Description BASC Admins 2023-04-10 20:25:22 MDT
Dear SchedMD,

I think we might have a misconfiguration.

root@mgt4:~# sinfo -V
slurm 21.08.8-2

root@mgt4:~# scontrol show node comp105
NodeName=comp105 Arch=x86_64 CoresPerSocket=24 
   CPUAlloc=48 CPUTot=48 CPULoad=16.95
   AvailableFeatures=(null)
   ActiveFeatures=(null)
   Gres=gpu:v100:2
   NodeAddr=comp105 NodeHostName=comp105 Version=21.08.8-2
   OS=Linux 3.10.0-1160.88.1.el7.x86_64 #1 SMP Tue Mar 7 15:41:52 UTC 2023 
   RealMemory=757760 AllocMem=584704 FreeMem=396771 Sockets=2 Boards=1
   State=ALLOCATED ThreadsPerCore=1 TmpDisk=0 Weight=8 Owner=N/A MCS_label=N/A
   Partitions=asreml,gpu,debug 
   BootTime=2023-03-16T15:53:33 SlurmdStartTime=2023-03-16T15:56:55
   LastBusyTime=2023-04-10T18:59:53
   CfgTRES=cpu=48,mem=740G,billing=48,gres/gpu=2
   AllocTRES=cpu=48,mem=571G,gres/gpu=2
   CapWatts=n/a
   CurrentWatts=0 AveWatts=0
   ExtSensorsJoules=n/s ExtSensorsWatts=0 ExtSensorsTemp=n/s

root@mgt4:~# squeue -w comp105 -o %i,%c
JOBID,MIN_CPUS
13819314,16
13819313,16
13819312,16
13819975,48

As per the above, 96 cores are allocated on comp105, yet the node only has 48 cores.

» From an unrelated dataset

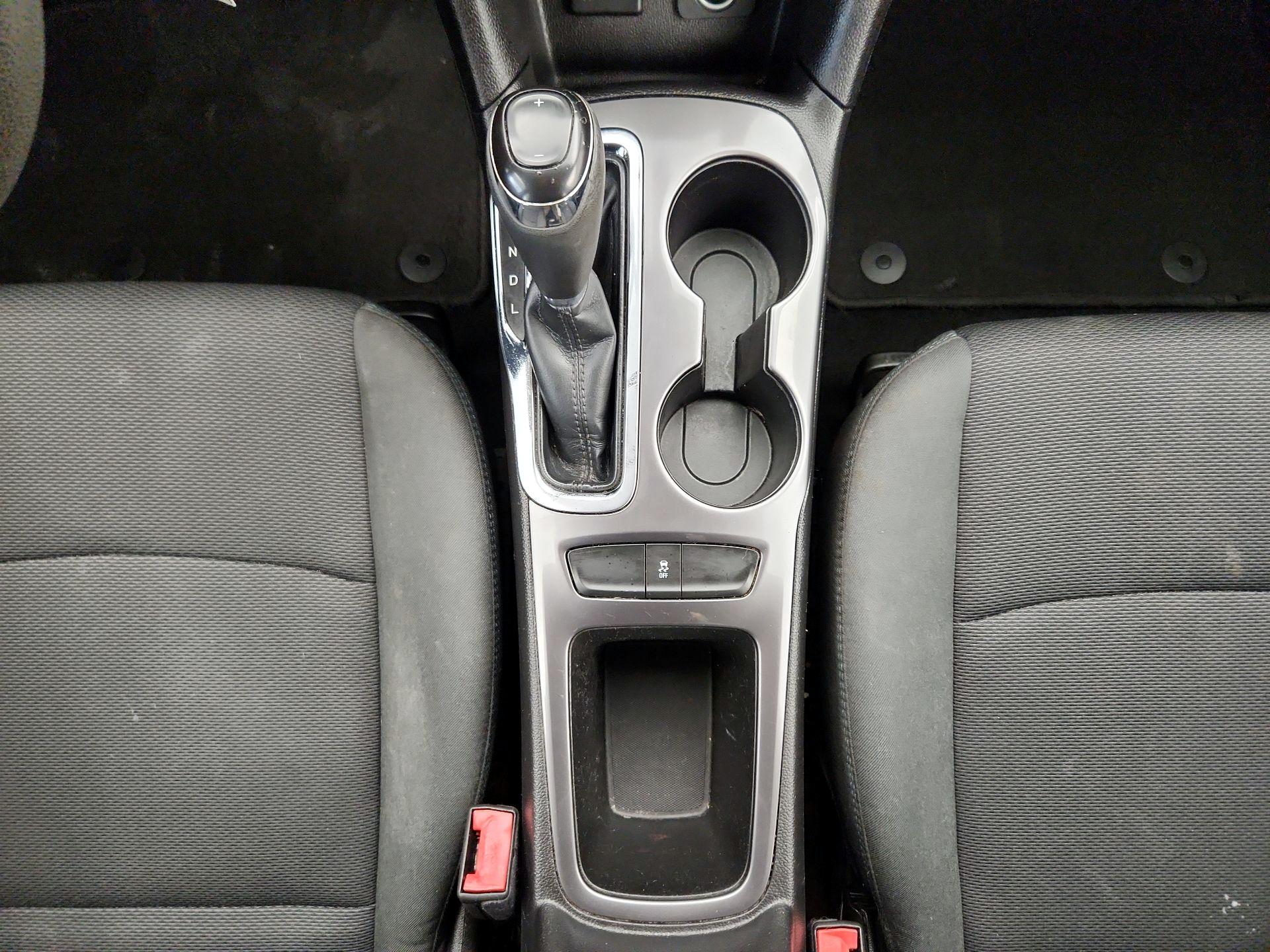 Thumbnail: 2016 Chevrolet Cruze - 17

The node has the following config lines:

gres.conf
NodeName=comp105 Name=gpu Type=v100 File=/dev/nvidia[0-1]

nodes.conf
NodeName=comp105 Sockets=2 RealMemory=757760 Weight=8 CoresPerSocket=24 State=UNKNOWN Gres=gpu:v100:2

What might be wrong? (Note we're planning to upgrade to 23.02.1 soon.)

Thank you,
Ben
Comment 1 Oscar Hernández 2023-04-11 04:51:17 MDT
Hi Ben,

If jobs are still running, could you share the output of each job:

$ scontrol show job $JOBID

This situation could happen when having partition configured with Oversubscribe=YES[1](or force) in slurm.conf. Could this be your case? Could you share your partition configuration?

Do you have any kind of job preemption configured[2] in slurm.conf?

Kind regards,
Oscar

[1]https://slurm.schedmd.com/slurm.conf.html#OPT_OverSubscribe
..
[2]https://slurm.schedmd.com/slurm.conf.html#OPT_PreemptMode
Comment 2 BASC Admins 2023-04-11 18:54:38 MDT
Created attachment 29791 [details]
output of scontrol show job <jobid>
Comment 3 BASC Admins 2023-04-11 19:05:02 MDT
(In reply to Oscar Hernández from comment #1)
> If jobs are still running, could you share the output of each job:
> 
> $ scontrol show job $JOBID

Hi Oscar, please find the output of the above in the attached file 'jobs_comp105.txt'.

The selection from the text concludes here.